Once the line holding "phrase fatal attraction" is found in the entries below, transcribe exactly every line up to and including the one holding "Child with Rett", but leave out the pictures.

### Provided records

------------------------------------------------------------

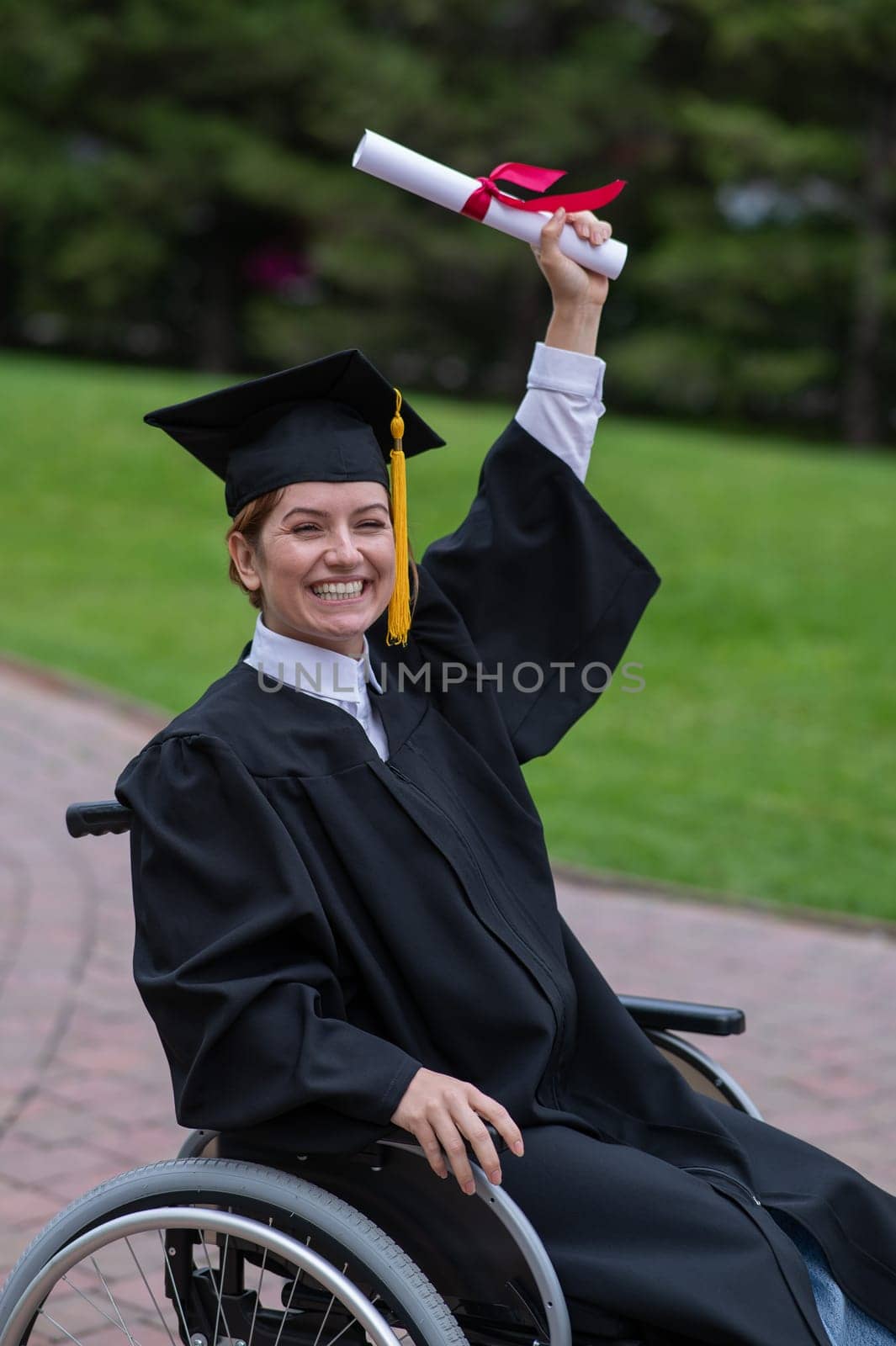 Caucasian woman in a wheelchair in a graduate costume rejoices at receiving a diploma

------------------------------------------------------------

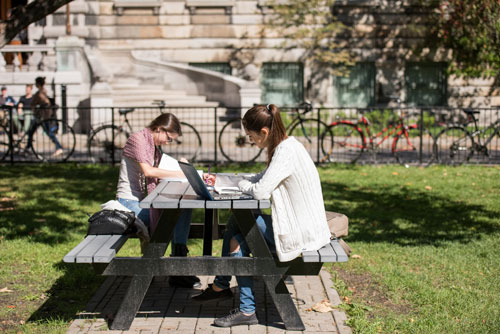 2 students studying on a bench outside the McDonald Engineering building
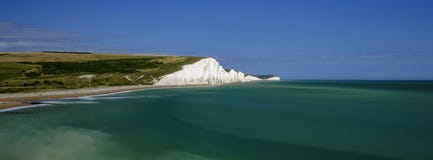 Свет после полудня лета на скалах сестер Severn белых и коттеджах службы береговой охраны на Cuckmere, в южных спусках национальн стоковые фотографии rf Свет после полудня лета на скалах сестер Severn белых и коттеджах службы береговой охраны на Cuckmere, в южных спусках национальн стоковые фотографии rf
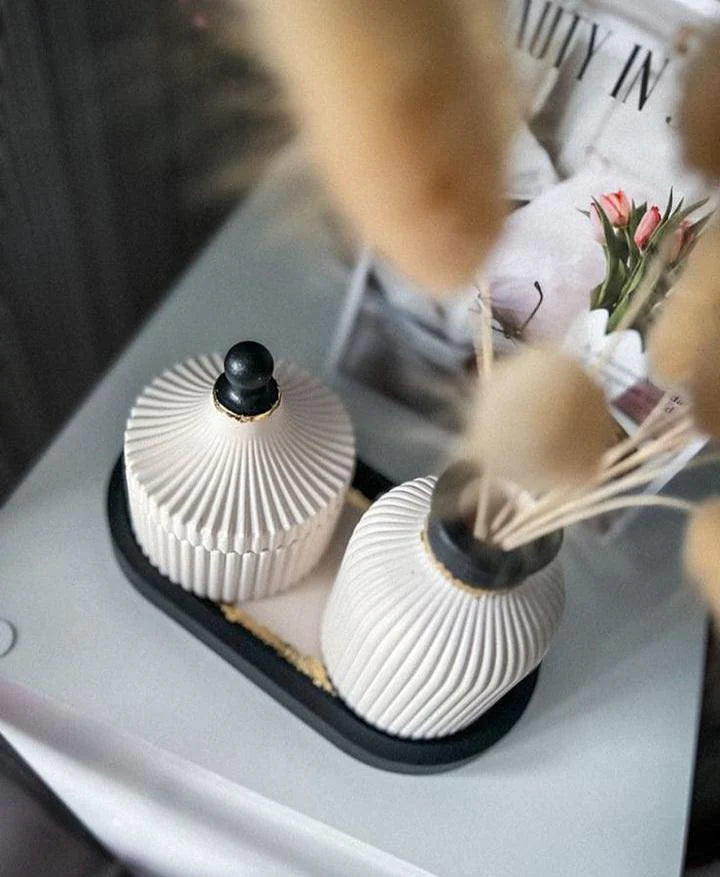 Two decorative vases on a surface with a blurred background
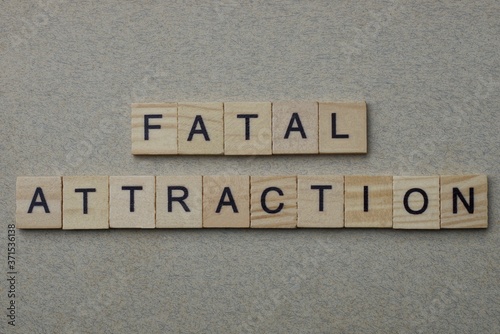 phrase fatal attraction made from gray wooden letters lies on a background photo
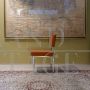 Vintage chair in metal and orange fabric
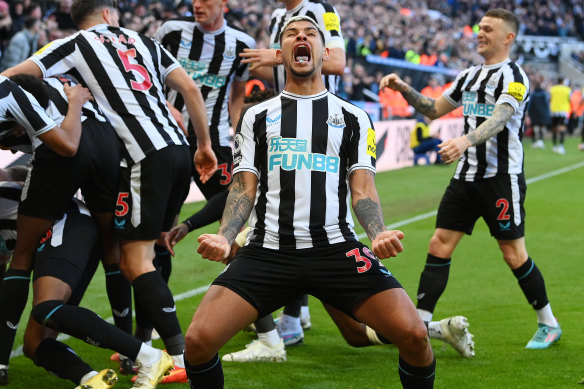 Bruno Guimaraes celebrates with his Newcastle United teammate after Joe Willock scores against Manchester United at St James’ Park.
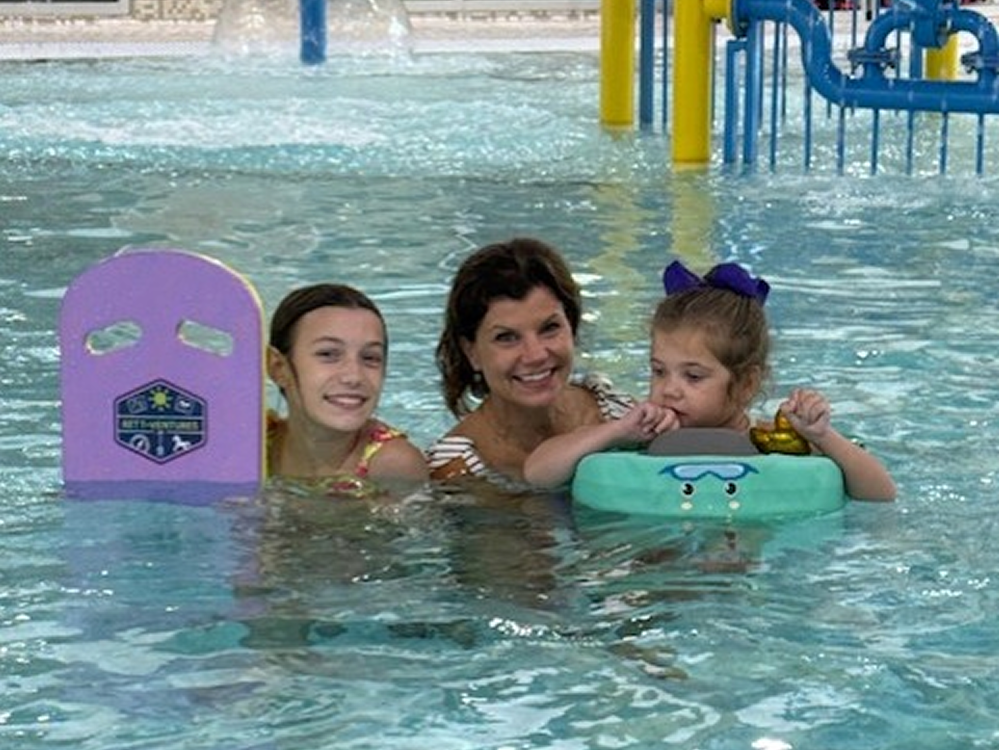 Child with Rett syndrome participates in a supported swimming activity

------------------------------------------------------------

### Response for this exercise
 phrase fatal attraction made from gray wooden letters lies on a background photo
 Vintage chair in metal and orange fabric
 Bruno Guimaraes celebrates with his Newcastle United teammate after Joe Willock scores against Manchester United at St James’ Park.
 Child with Rett syndrome participates in a supported swimming activity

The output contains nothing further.